**The problem**
For the data below, retype word for word the lines from the one containing "40kA Ba pha" through the one containing "ollny christmas lights"; drop the pictures.

**Record excerpts**
↓↓↓

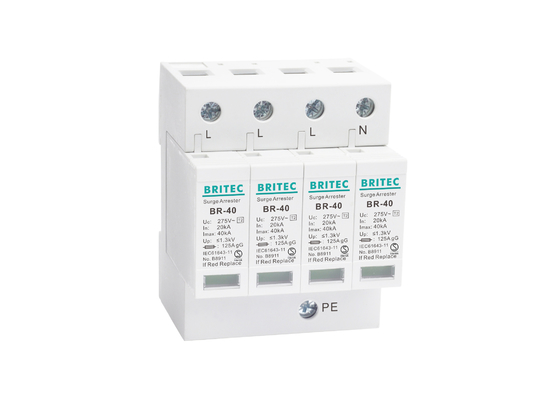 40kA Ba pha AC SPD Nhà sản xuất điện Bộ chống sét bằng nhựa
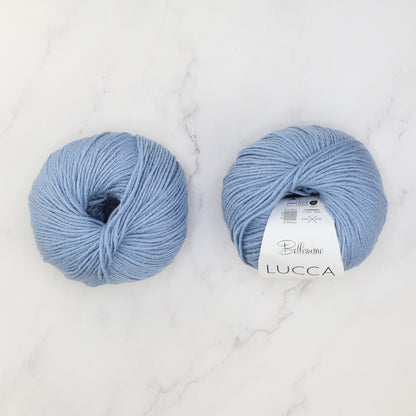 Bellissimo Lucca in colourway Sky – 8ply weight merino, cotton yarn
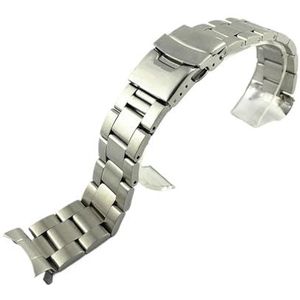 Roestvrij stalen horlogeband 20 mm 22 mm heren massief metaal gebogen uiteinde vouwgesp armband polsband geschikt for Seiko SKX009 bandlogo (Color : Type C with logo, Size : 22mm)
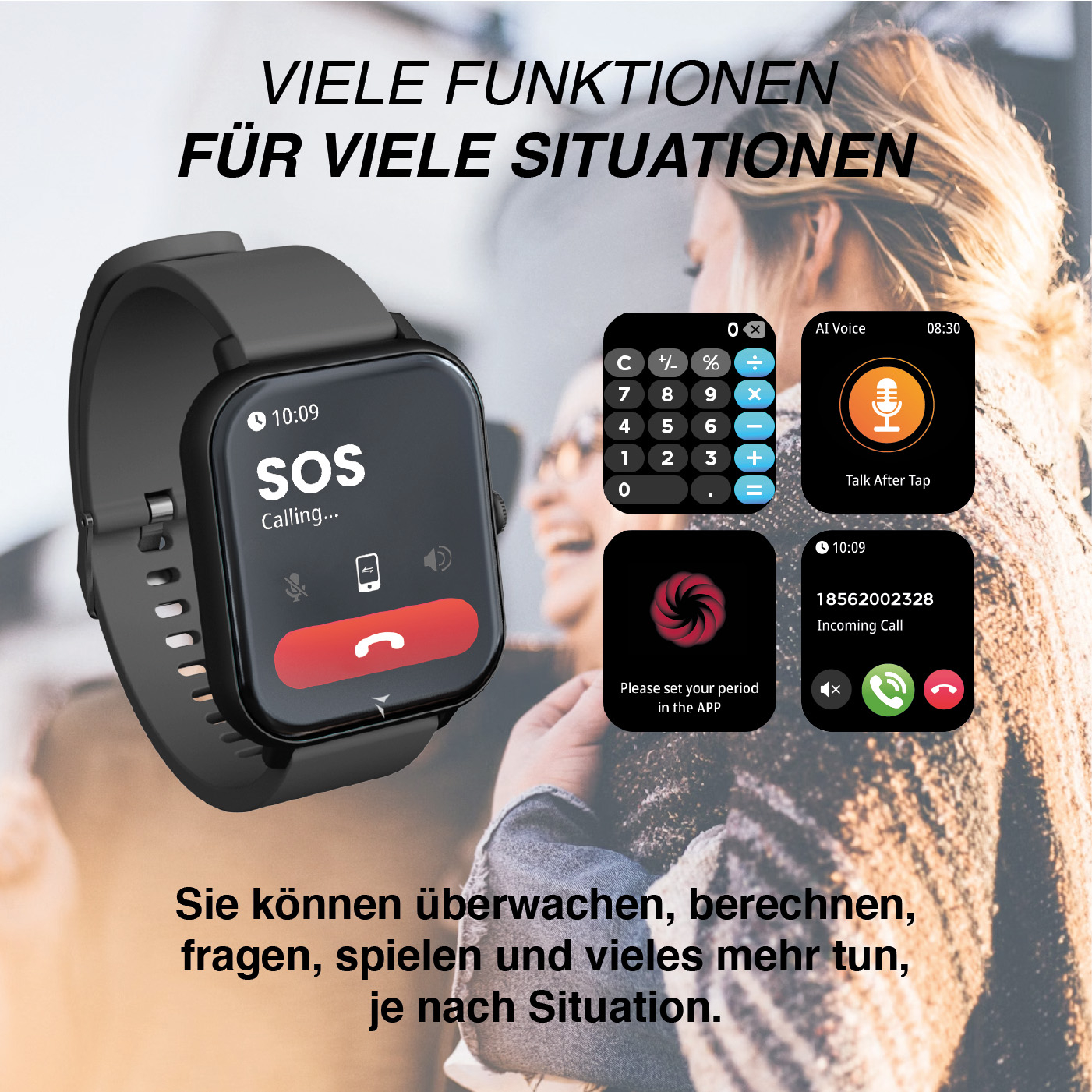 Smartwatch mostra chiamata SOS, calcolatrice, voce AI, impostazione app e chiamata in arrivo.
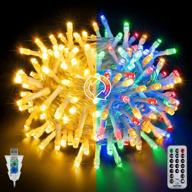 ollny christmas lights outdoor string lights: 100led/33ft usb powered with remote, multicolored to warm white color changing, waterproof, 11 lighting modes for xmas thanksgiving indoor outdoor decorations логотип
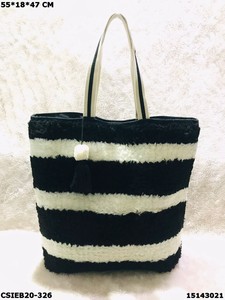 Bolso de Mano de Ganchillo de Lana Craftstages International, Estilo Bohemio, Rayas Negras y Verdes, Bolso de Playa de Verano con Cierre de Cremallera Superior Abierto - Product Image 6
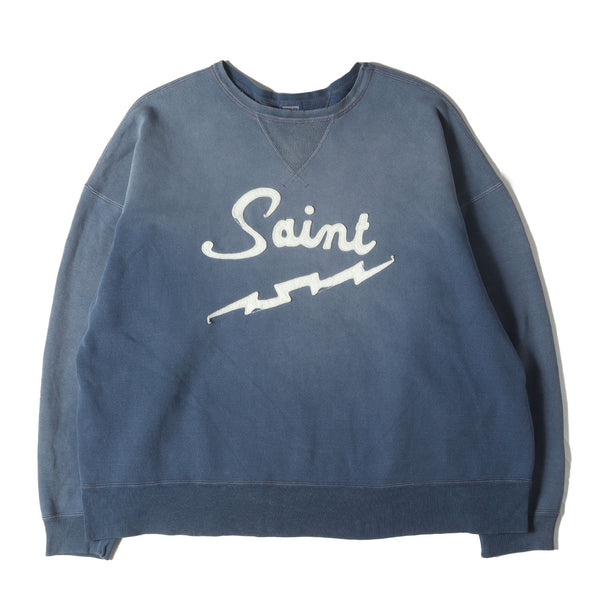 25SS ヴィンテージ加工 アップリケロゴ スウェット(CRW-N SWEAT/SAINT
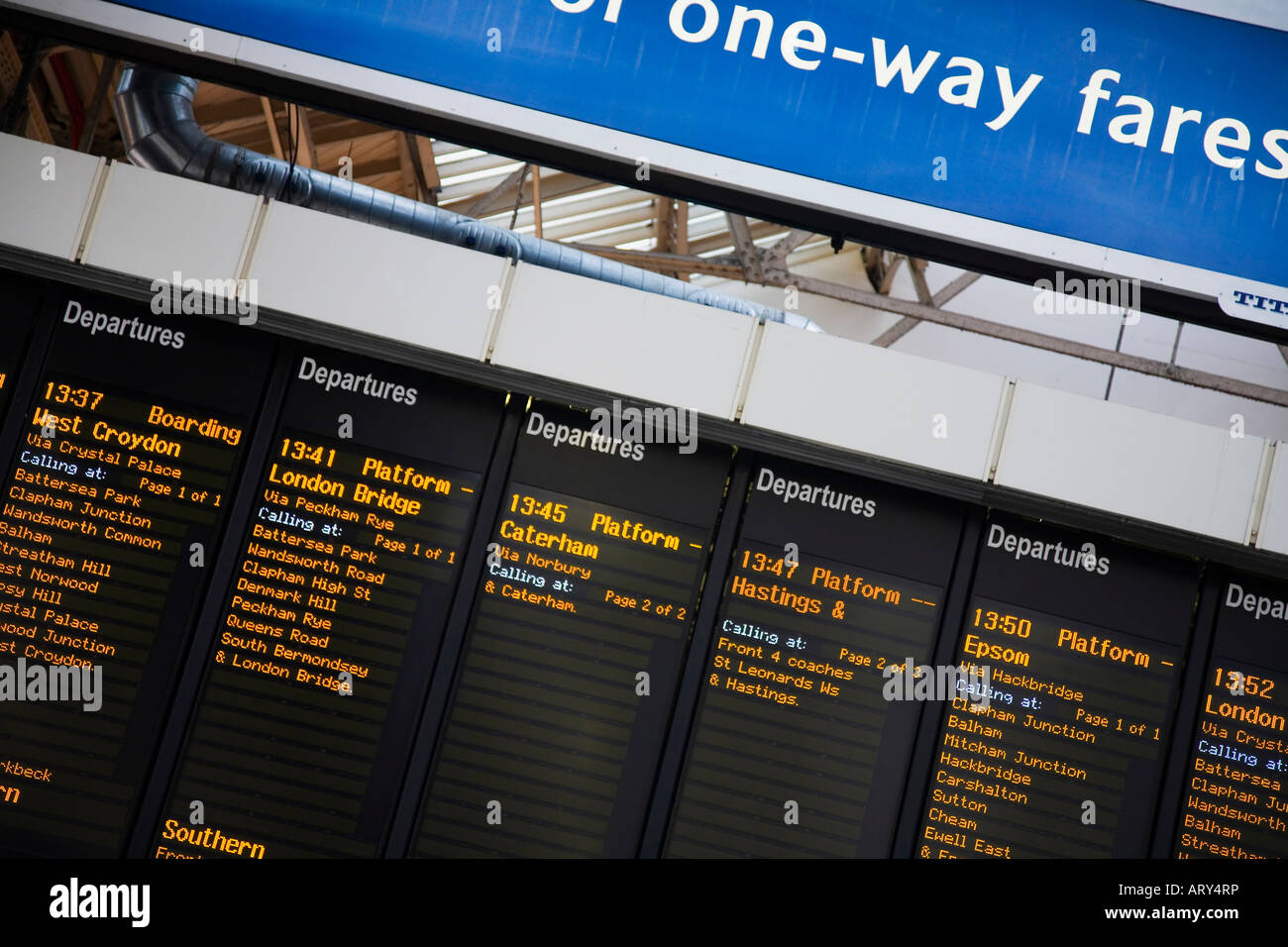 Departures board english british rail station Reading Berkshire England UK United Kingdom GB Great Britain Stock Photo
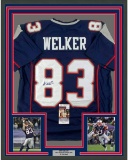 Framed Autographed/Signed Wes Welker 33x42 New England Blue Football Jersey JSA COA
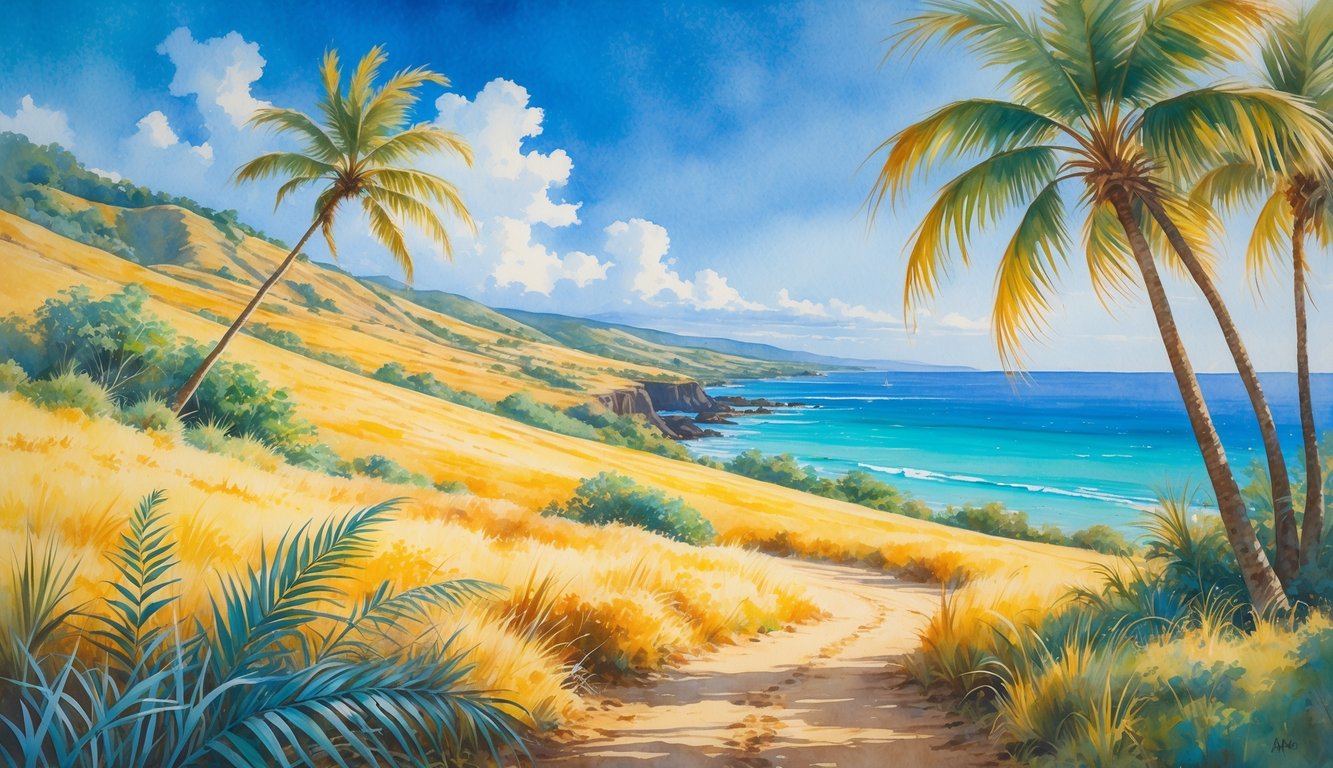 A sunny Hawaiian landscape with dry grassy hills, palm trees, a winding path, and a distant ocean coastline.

↑↑↑
↓↓↓

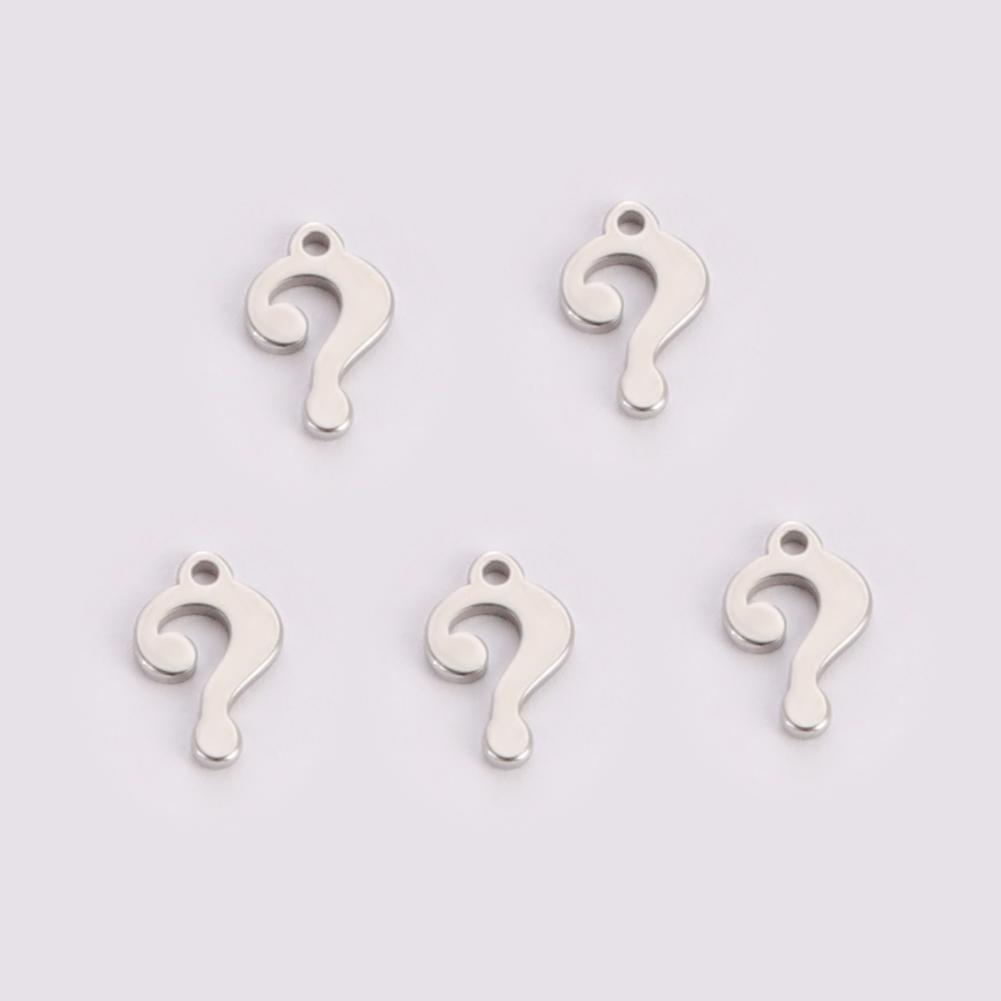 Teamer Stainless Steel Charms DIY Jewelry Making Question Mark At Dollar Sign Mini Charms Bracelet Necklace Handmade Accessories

↑↑↑
↓↓↓

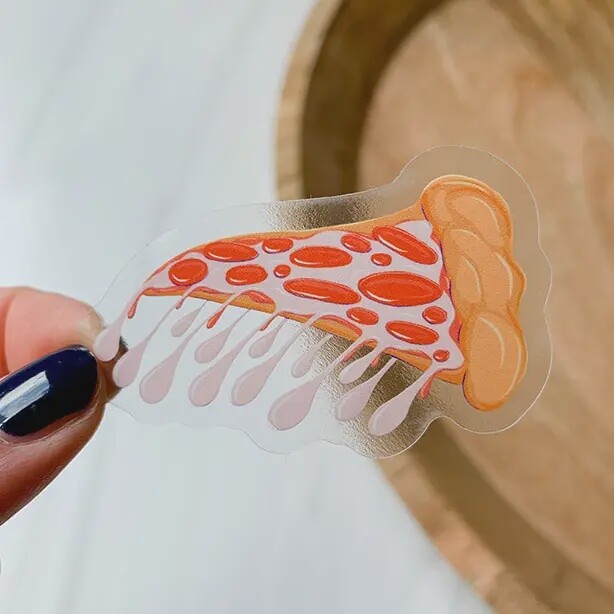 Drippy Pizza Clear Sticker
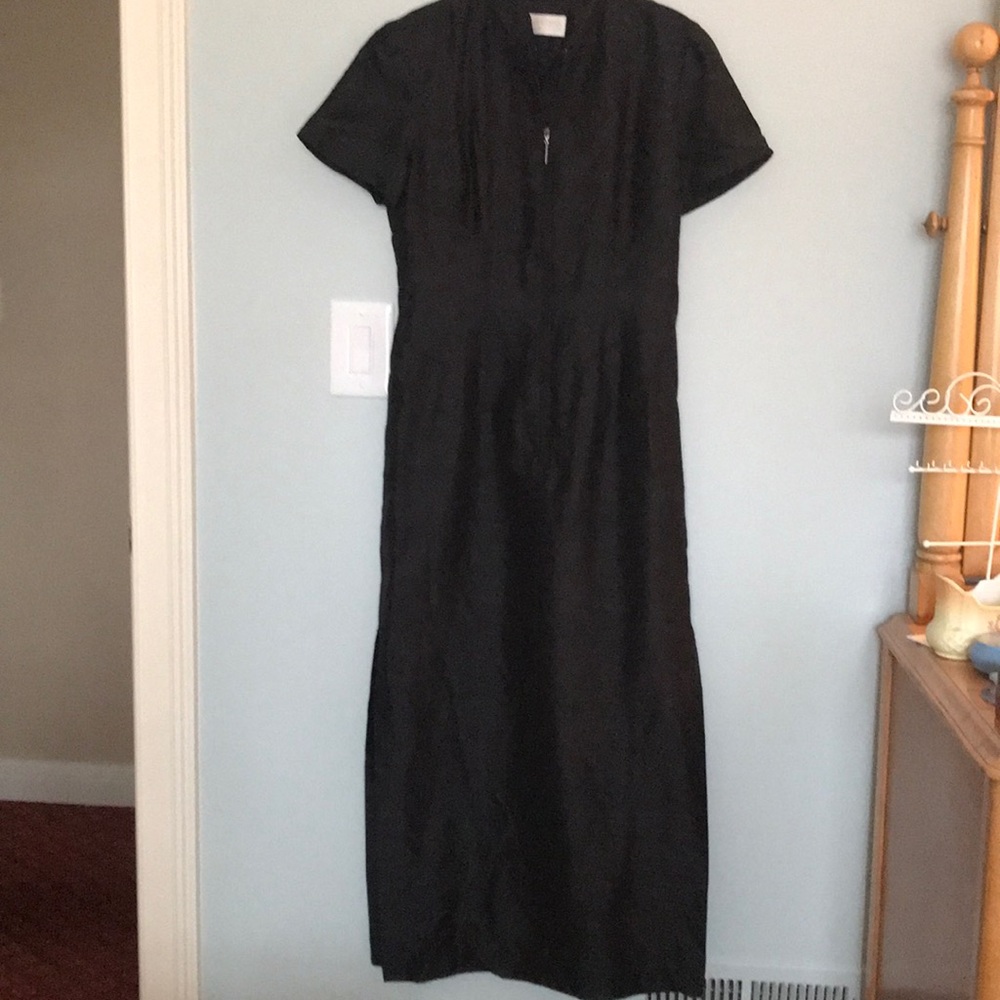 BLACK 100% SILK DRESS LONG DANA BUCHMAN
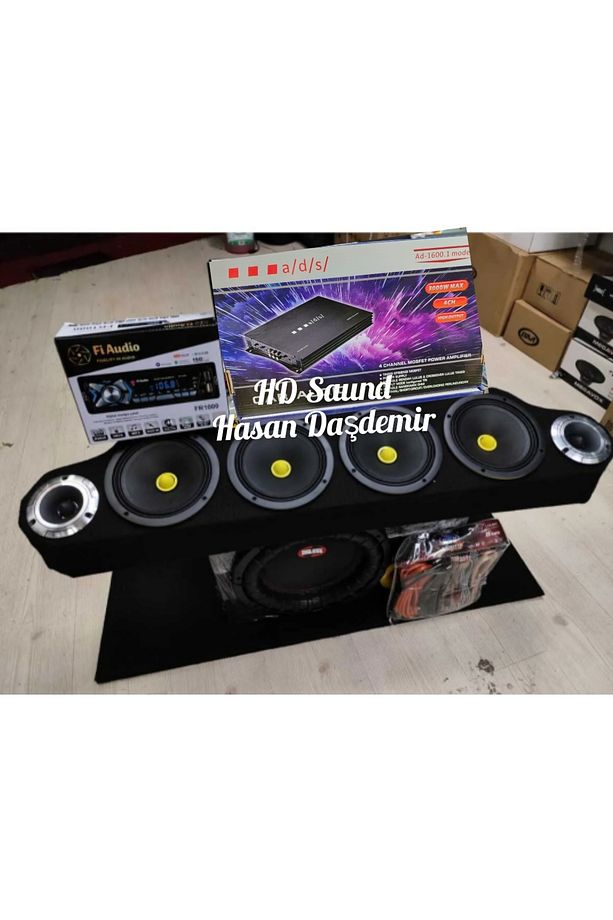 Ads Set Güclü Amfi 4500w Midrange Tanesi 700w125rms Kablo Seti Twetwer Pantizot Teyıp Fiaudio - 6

↑↑↑

**Task answer**
 40kA Ba pha AC SPD Nhà sản xuất điện Bộ chống sét bằng nhựa
 Bellissimo Lucca in colourway Sky – 8ply weight merino, cotton yarn
 Roestvrij stalen horlogeband 20 mm 22 mm heren massief metaal gebogen uiteinde vouwgesp armband polsband geschikt for Seiko SKX009 bandlogo (Color : Type C with logo, Size : 22mm)
 Smartwatch mostra chiamata SOS, calcolatrice, voce AI, impostazione app e chiamata in arrivo.
 ollny christmas lights outdoor string lights: 100led/33ft usb powered with remote, multicolored to warm white color changing, waterproof, 11 lighting modes for xmas thanksgiving indoor outdoor decorations логотип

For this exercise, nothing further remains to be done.